Resource requirements
Standard deployment is available in:
- Foundry resources — The primary resource type for new Foundry projects. No AI Hub required.
- Azure OpenAI resources — If you use Azure OpenAI resources, the model catalog shows only Azure OpenAI models for deployment. Upgrade to a Foundry resource for access to the full set of Foundry Models.
To get started with deployment, see Deploy Microsoft Foundry Models in the Foundry portal or Deploy models using Azure CLI and Bicep.
Managed compute deployment
Managed compute deployment creates a dedicated endpoint that hosts the model on dedicated compute resources. This option is required for all non-ADM models.
Important
Managed compute deployment creates a dedicated endpoint that hosts the model on dedicated compute resources. This option is required for models that don't belong to the category of Foundry Models sold by Azure and select Models from partners and community, such as custom models and industry models.
Which models use managed compute?
Examples of model collections that require managed compute include:
- Hugging Face
- Some Meta models
- Some Mistral models
- NVIDIA inference microservices (NIMs)
- Industry models (Saifr, Rockwell, Bayer, Cerence, Sight Machine, Page AI, SDAIA)
- Databricks
- Custom models
Capabilities
Managed compute supports:
- Dedicated compute resources — Model weights are deployed to dedicated virtual machines. A managed compute endpoint can host one or more deployments and exposes a REST API for inference.
- Private networking — Virtual network integration for secure access.
- Key and Microsoft Entra authentication — Secure access to your deployed endpoint.

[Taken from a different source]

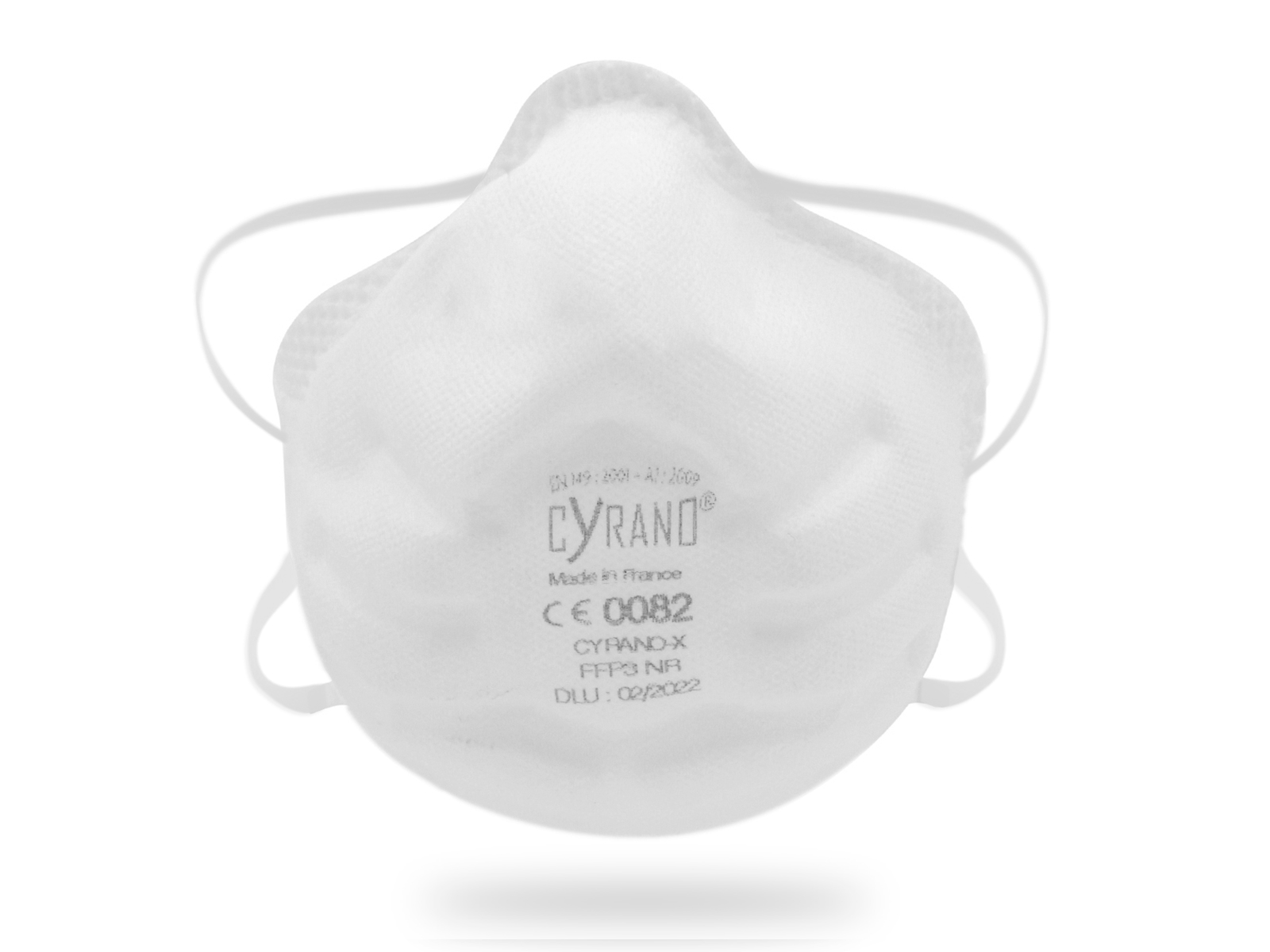 Masque Cyrano FFP3 Coque sans valve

- Content safety — Use the Azure AI Content Safety service APIs to screen model responses. Content safety is billed separately.
Billing and quota
Managed compute billing is based on compute core hours. You're billed per minute depending on the product tier and the number of instances in the deployment. After you delete the endpoint, no further charges accrue.
You need compute quota in your Azure subscription for the specific virtual machine products required to run the model. Some models allow deployment to a temporarily shared quota for testing.
Get started
- Deploy and infer with a managed compute deployment (classic)

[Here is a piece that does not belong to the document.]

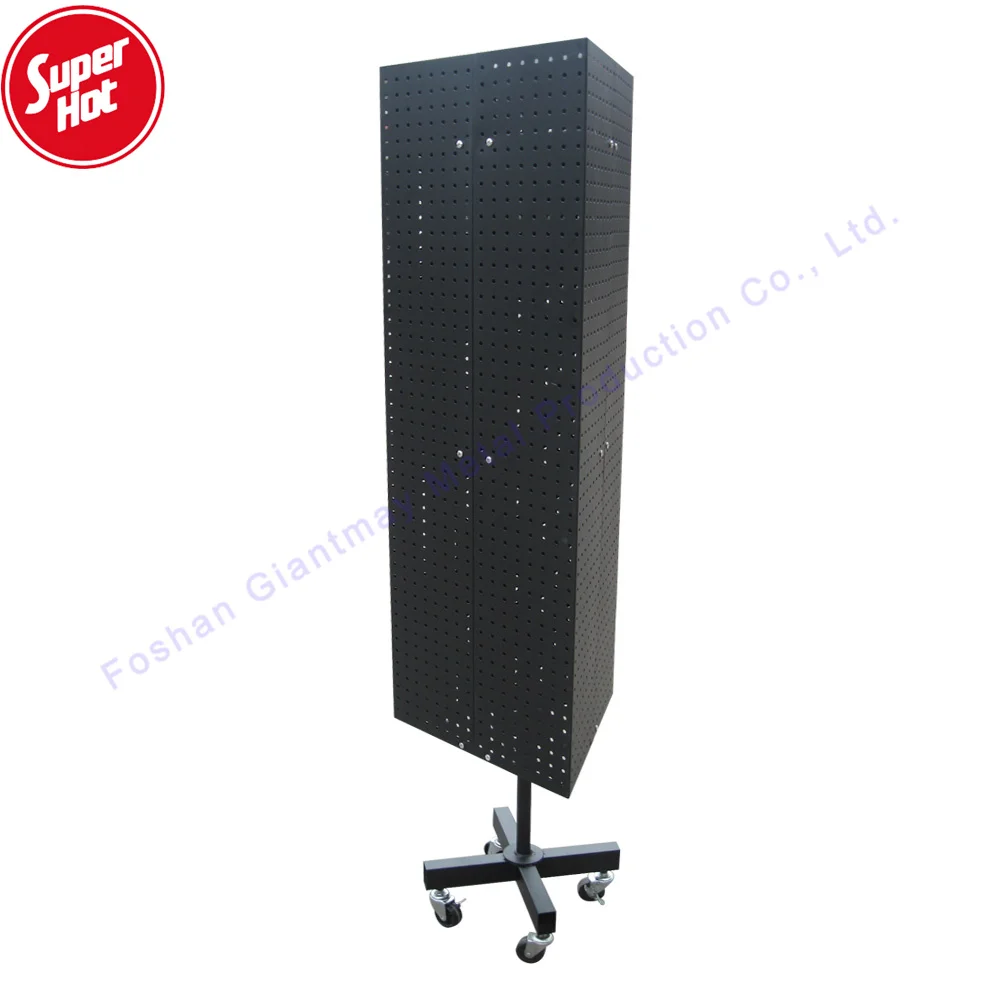 Giantmay Wholesale 360 Turntable Shelf Spinning Rack Pegboard Floor Rotating Display Stands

- Deploy Foundry Models to managed compute with pay-as-you-go billing (classic)
Deployment option comparison
Use Standard deployment in Foundry resources whenever possible. The following table compares capabilities across the two deployment options:
| Capability | Standard deployment in Foundry resources | Managed compute |
|---|---|---|
| Which models can be deployed? | All Foundry Models, including Foundry Models sold by Azure and select Models from partners and community | Custom models, industry models, and some partner models |
| Deployment resource | Foundry resource | AI project (hub-based, classic portal) |
| Requires AI Hub | No | Yes |
| Data processing options | Regional, data zone, global | Regional |
| Private networking | Yes | Yes |
| Content filtering | Built-in and customizable | Via Azure AI Content Safety APIs |
| Keyless authentication | Yes (Microsoft Entra ID) | Key-based and Microsoft Entra |
| Billing | Token usage or provisioned throughput units | Compute core hours |
Tip
For detailed pricing information, see Plan and manage costs for Foundry Tools.